The party that believes in government

[The day after Labor Day: Most dreaded moment on the calendar. The kids are back in school, the bosses are back from the beach, and suddenly we’re all Type A again, bouncing among meetings and conferences and social obligations, and losing the muscle memory of what it was like being an unrushed and unharried person in the sultry depth of summer.]


Clint Eastwood unplugged. An instant classic. (Charles Dharapak - AP)

The Democrats have their turn now, but I’m still thinking about the Republicans, and Tampa, and Clint. The sound quality was poor where I was standing in the arena, over next to the press tables, and I kept wondering how it was playing on television. Depends on your ideology, like everything else, I guess, but he was clearly winging it. “Rambling” was the gentle word used in much of the news coverage. No one knew what he was going to say next, and by “no one” I am including Clint Eastwood.

Still, he’s Clint, and he owned the hall simply by walking onstage.

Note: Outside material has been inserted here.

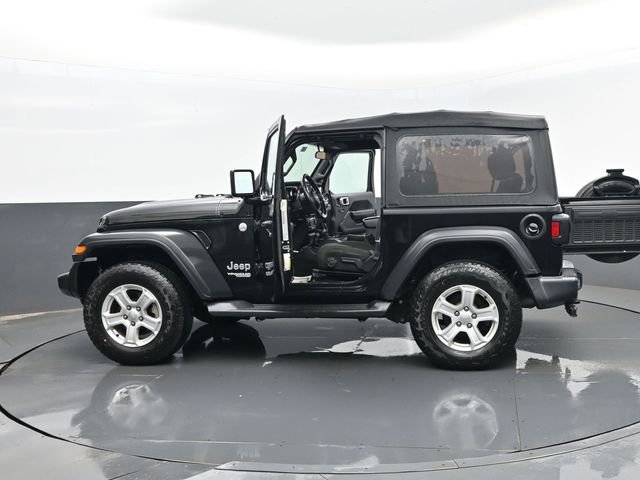 Used 2019 Jeep Wrangler Sport S image 29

Let’s see a show of hands among the guys out there: Who would you rather be, Mitt Romney or Clint Eastwood?

Another lingering Tampa memory: About a dozen men in black frantically, maniacally trying to dismantle the podium and set up a new podium on a different level of the stage just as Mitt Romney walked into the forum. Romney kept shaking hands, like a president about to deliver a SOTU address, while his staffers did this complicated technical work on the stage. You have never seen men working under such pressure. They sprawled on their belly fussing with wires and whatnot. James Bond disarming an evil genius’s nuclear warhead didn’t work that fast.

Years from now I’ll remember the cops in Tampa, patrolling the desolate downtown in their new khaki uniforms, on their new mountain bikes, with all their new gear, and a helicopter overhead and patrol boats in the harbor and for all I know a submarine pinging along the bay floor in search of protesters with gills. A $50 million federal grant for police protection will buy a lot of hardware and rent a lot of cops from other counties. .

Here’s a good memory: The Cuban breakfast I had at the West Tampa Sandwich Shop: Eggs loaded with chorizo and onions and served with toasted Cuban bread and cafe con leche. All for about 5 bucks and change. Where can you find a good, affordable breakfast in Washington? One night in Ybor City the stars aligned and I smoked a freshly rolled and wrapped stogie while sitting on the porch of a smoky bar, the Isaac-drawn humidity making the world a vast humidor. When in Rome...

I’ll remember the political noise machine — the extraordinary media apparatus that churns out so many words and so many images, to what end it’s hard to know. My thin contribution seemed surely lost in the maelstrom. (I know everyone reads all my work the moment I hit the done button, but fyi my stories last week touched on Paul Ryan’s philosophy, on the stormy Sunday that got things rolling, on the protesters, on the Ron Paul insurrection, on the GOP’s younger talent and on the ennui of Tampa voters.) (If I keep typing like this for an infinite period of time I will eventually write “Hamlet.”)

One final, lingering thought after Tampa: The Republicans are the ones who really believe in government.

Democrats believe in government, too, which is why they’ve been pushing government programs for 80 years as potential solutions to societal problems. But the Democrats are jaded, in the main. They know that a lot of this stuff doesn’t work, that the market finds workarounds, that there are unintended consequences and that programs become hidebound and obsolete.

The Republicans, however, believe that government is so effective that it has swamped our freedom. The central GOP message is that the federal government is oppressing us, meddling in our decisions, contorting out behavior, and sapping us of our precious bodliy fluids. That’s a very effective government!

Listen to Paul Ryan during his acceptance speech at the convention:

“None of us — none of us have to settle for the best this administration offers, a dull, adventureless journey from one entitlement to the next, a government-planned life, a country where everything is free but us.”

Question: What’d you do this Labor Day weekend? Did the government plan it for you? Did you feel free to have an adventure? I did — and for the record I went to two Nats games. Let’s go Nats!